25 July 2012

silcock

The Silcock is our local park, cradled in the lowest and wettest part of Croydon. It’s two cricket fields in summer, four soccer pitches in winter, populated by a variety of pooches and hounds most Sunday mornings, red-coated instructors from the Croydon and District Obedience Dog Club marshalling the dog-owners.

The JRT has walked, played, run, fought, rolled in shit and dead creatures, and hunted ball here his entire life, Miss Meg with him till she died. Going on twelve, the JRT’s happy now to trot beside me some days, but his favourite occupation is still nose down, bum up, tail flailing as he burrows into long grass or a dense shrub tracking down his ball.

At nine every weekday whatever the weather a group of retirees gathers under the pavilion awning in winter, out on the northern cricket pitch in summer. They escort up to fifteen dogs, short-legged moppets, grizzled and paunchy bitzers, sometimes a spritely newcomer.

Dogs and owners circle like flocking birds. Bums are sniffed, yesterday’s events retold. A group of dogs bursts off like gas flaring off the sun before shrinking back to the milling mob. Around ten they toddle off and the Silcock is a green desert till late-morning mothers arrive with prams and toddlers.

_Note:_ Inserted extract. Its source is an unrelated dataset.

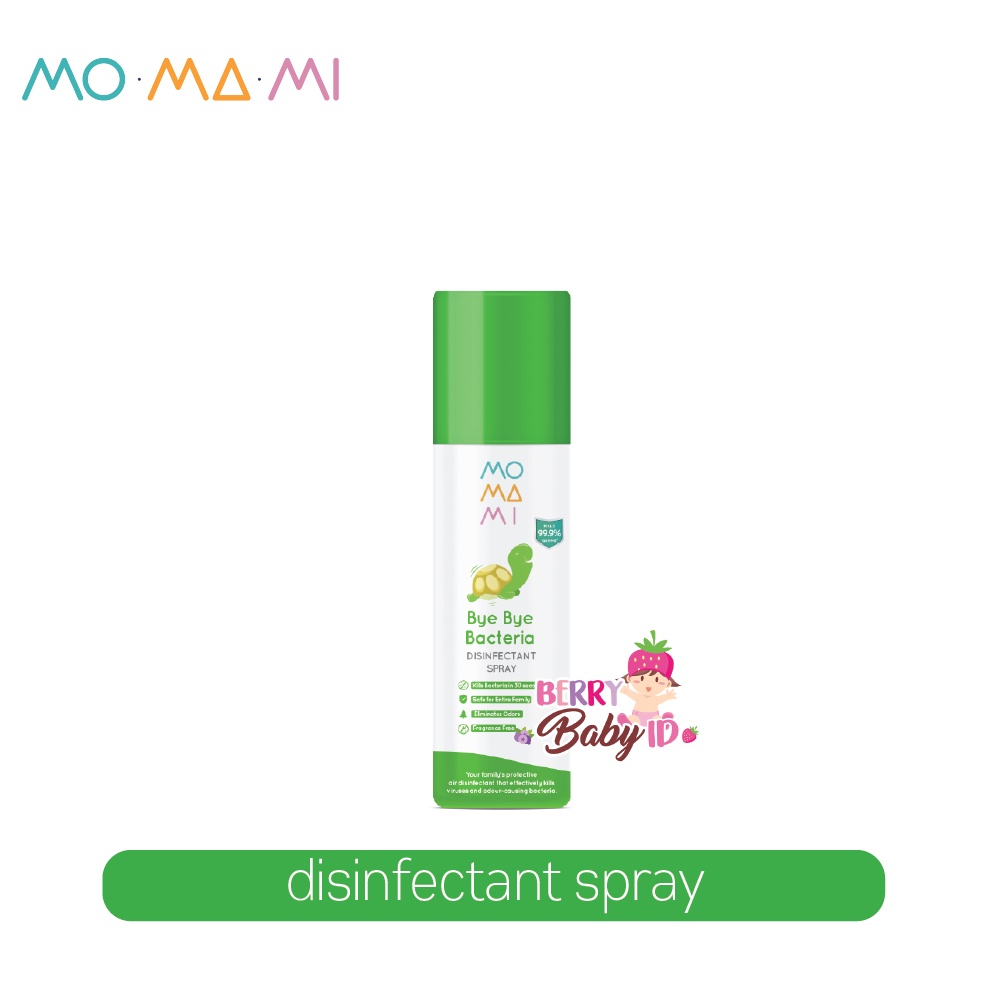 Momami Bye Bye Bacteria Disinfectant Spray Disinfektan Anti Virus 50ml Berry Mart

Surrey Road borders the Silcock’s southern end, back fences the west and north sides. The north end is referred to as the rough end, spotted with big trees, a gravel path meandering through. Young Karen and Chin men, refugees, have carved a volleyball court in the clay between the trees. They hop the fence from the cheap housing estate, cross the tracks, play here in the late afternoons.

Curving along the eastern border is the railway line to Lilydale, unfenced until a month ago. In no time up go the steel mesh panels, each two and a half metres wide, two high. Suicide by train might justify the expense, but a serious attempter would need fifteen seconds to scale the mesh and rest a neck on a rail.

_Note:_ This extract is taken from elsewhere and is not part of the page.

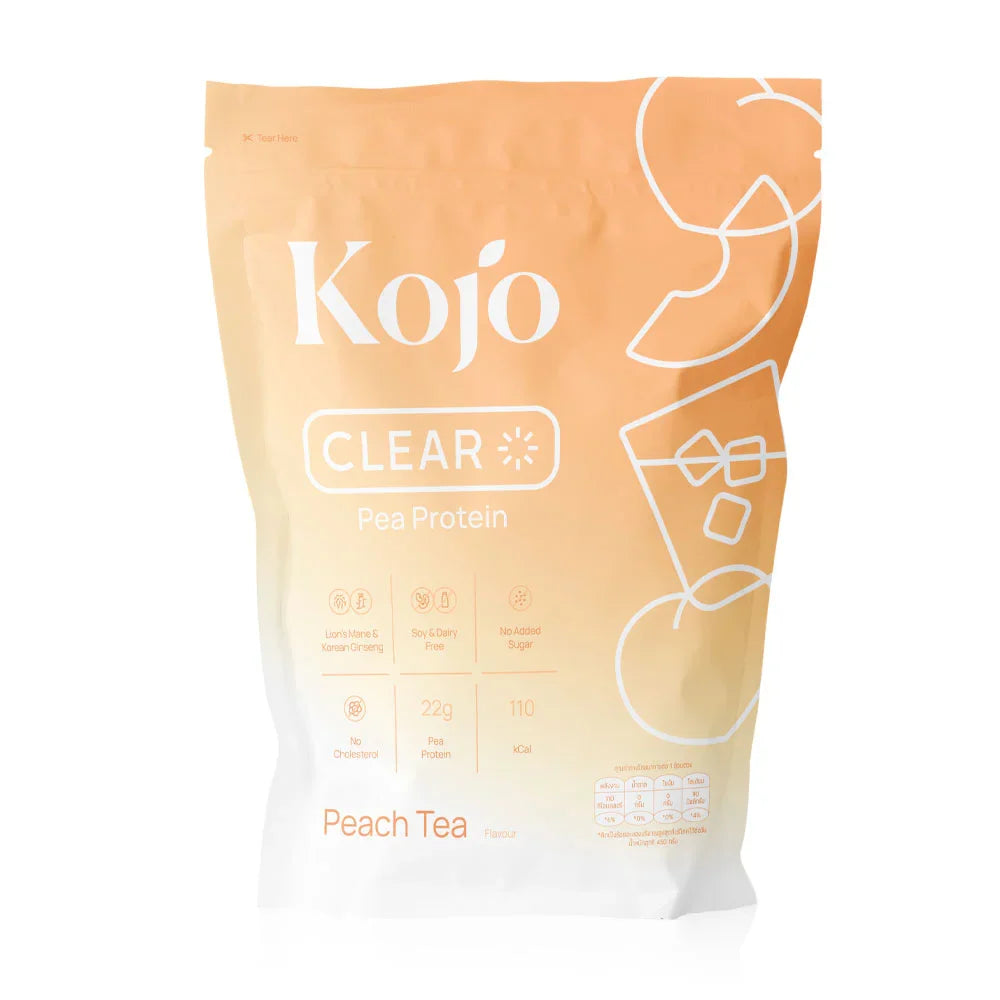 KOJO Clear Pea Protein 450g - Peach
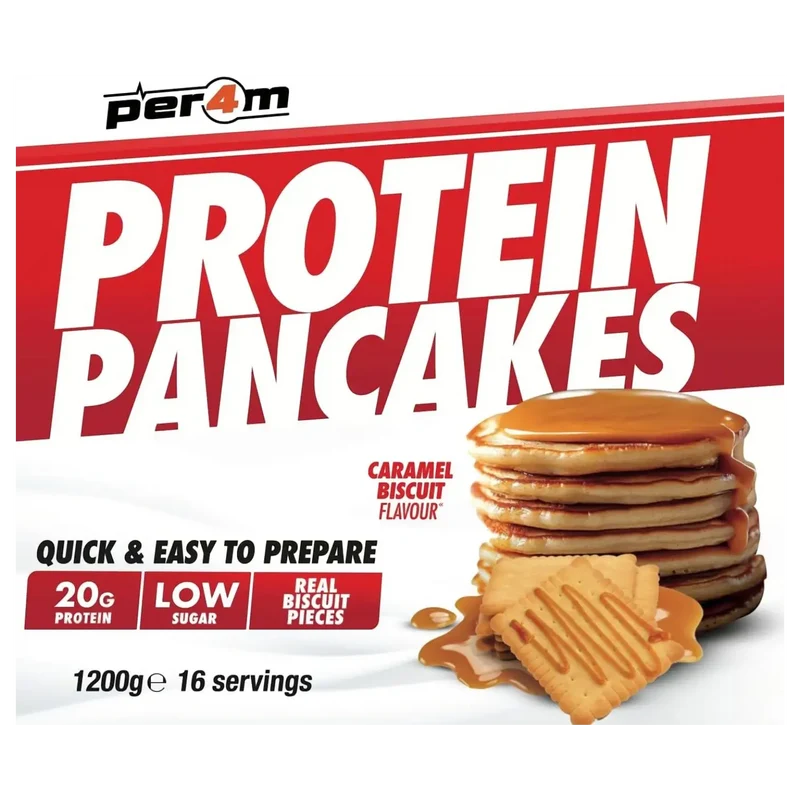 Per4m Protein Pancakes Caramel Biscuit 1,2kg - naleśniki proteinowe o smaku karmelowego ciasteczka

The young brown men from Burma’s route is cut off now; they must take the long route via the pedestrian crossing at the bottom of Surrey Road where a disabled bloke’s wheelchair once stalled on the tracks and a city-bound train cleaned him up.

I’m going down late one afternoon. I hope to see the young brown Burmese scrabbling up and over the railway lines and that mesh fence like Christmas Island crabs.  

Rock on.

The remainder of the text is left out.